▶ **Exercise prompt**
Retype the opening lines of the data exactly, stopping after the line that contains "Voyage, découvre, Explore". Skip every picture.

Short web captions
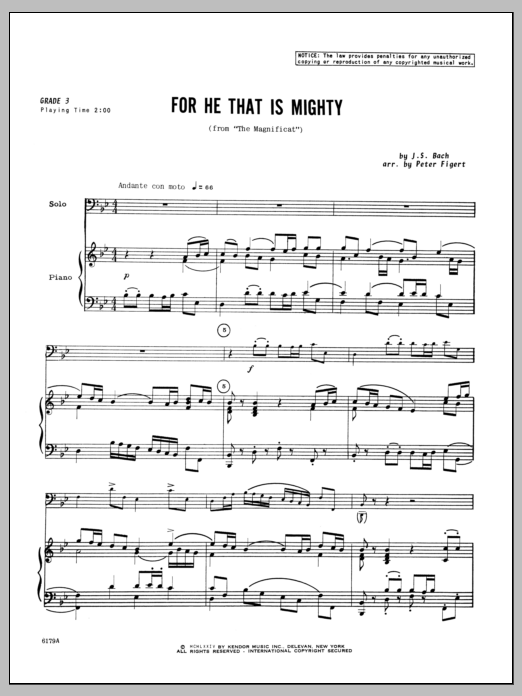 Download Figert For He That Is Mighty - Piano Sheet Music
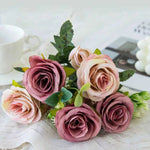 décoration intérieure bouquet pivoine rose blanche moderne élégant vase transparent mariage anniversaire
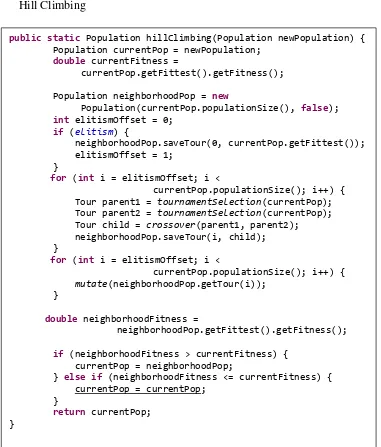 Gambar 3.13 Source code hill climbing 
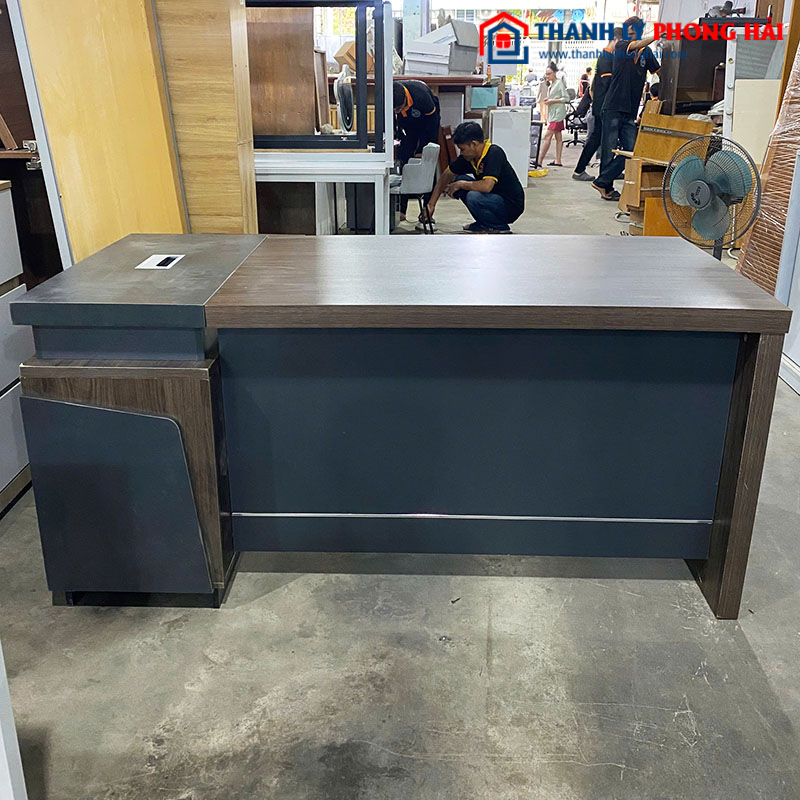Bàn Giám Đốc Góc L Gỗ 1m6 Cũ
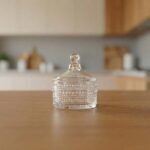 GLASS CANDY JAR W/LID-10X11.5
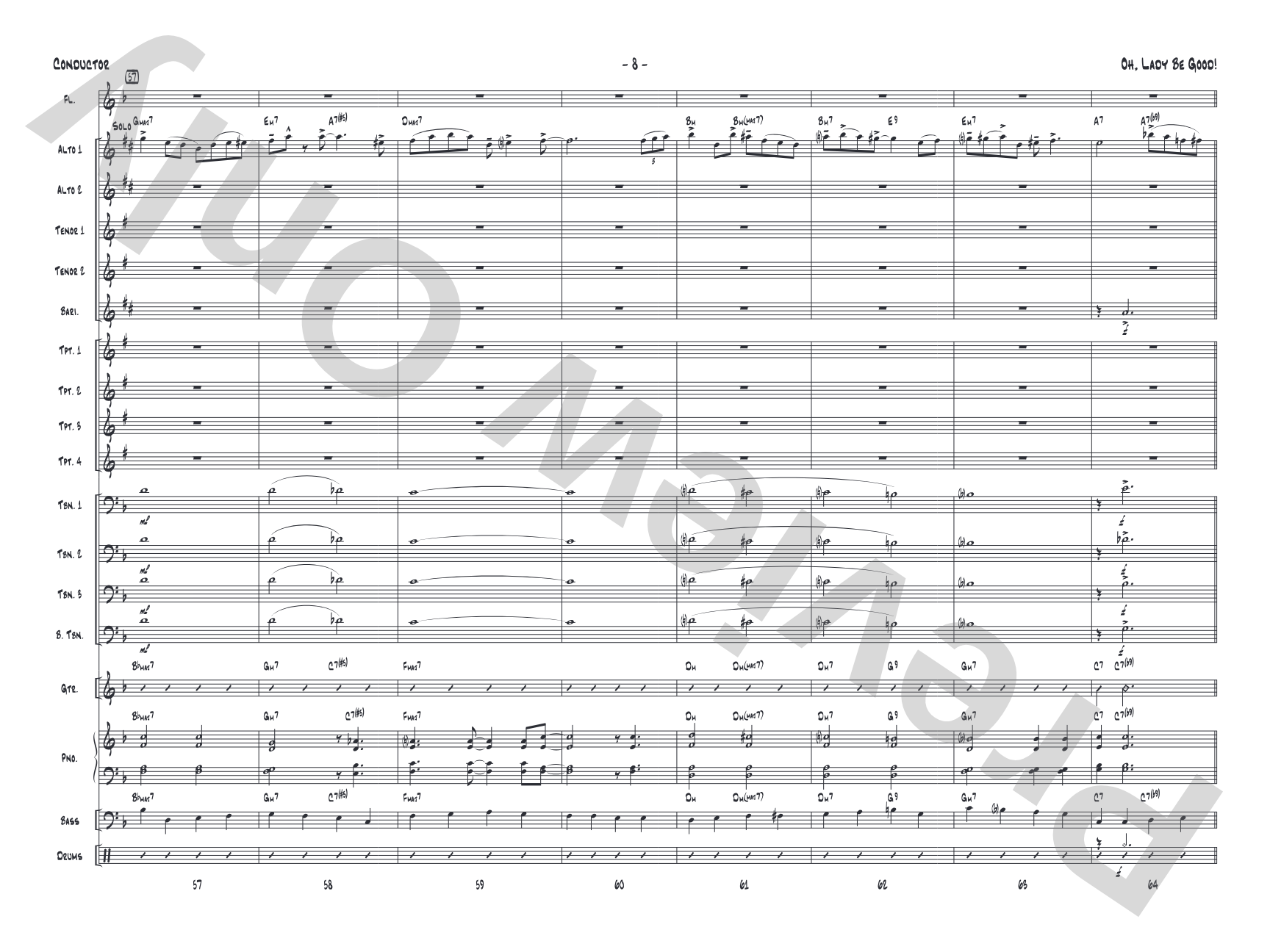 Oh, Lady Be Good!: Jazz Ensemble Conductor Score & Parts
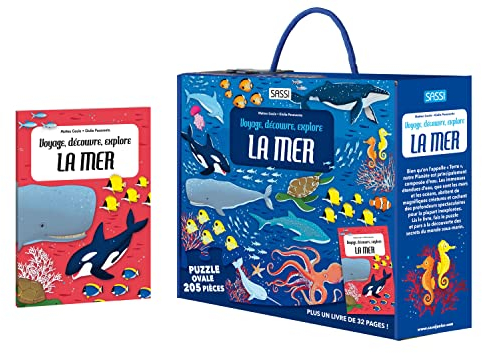 Voyage, découvre, Explore - La mer: Puzzle ovale 205 pièces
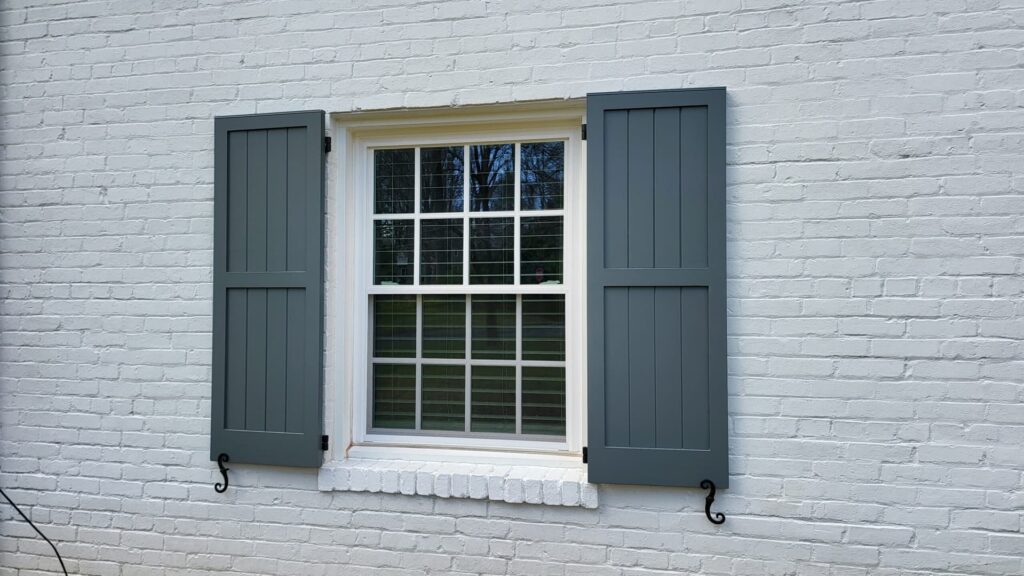 paneled exterior shutters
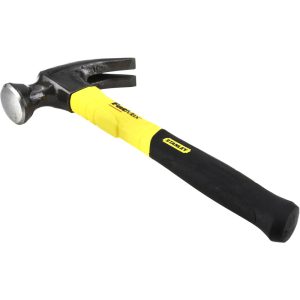 STANLEY 1-1/4 Lb Head, Straight Rip Claw Nail Hammer 51-508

▶ **Expected output**
 Download Figert For He That Is Mighty - Piano Sheet Music
 décoration intérieure bouquet pivoine rose blanche moderne élégant vase transparent mariage anniversaire
 Gambar 3.13 Source code hill climbing 
Bàn Giám Đốc Góc L Gỗ 1m6 Cũ
 GLASS CANDY JAR W/LID-10X11.5
 Oh, Lady Be Good!: Jazz Ensemble Conductor Score & Parts
 Voyage, découvre, Explore - La mer: Puzzle ovale 205 pièces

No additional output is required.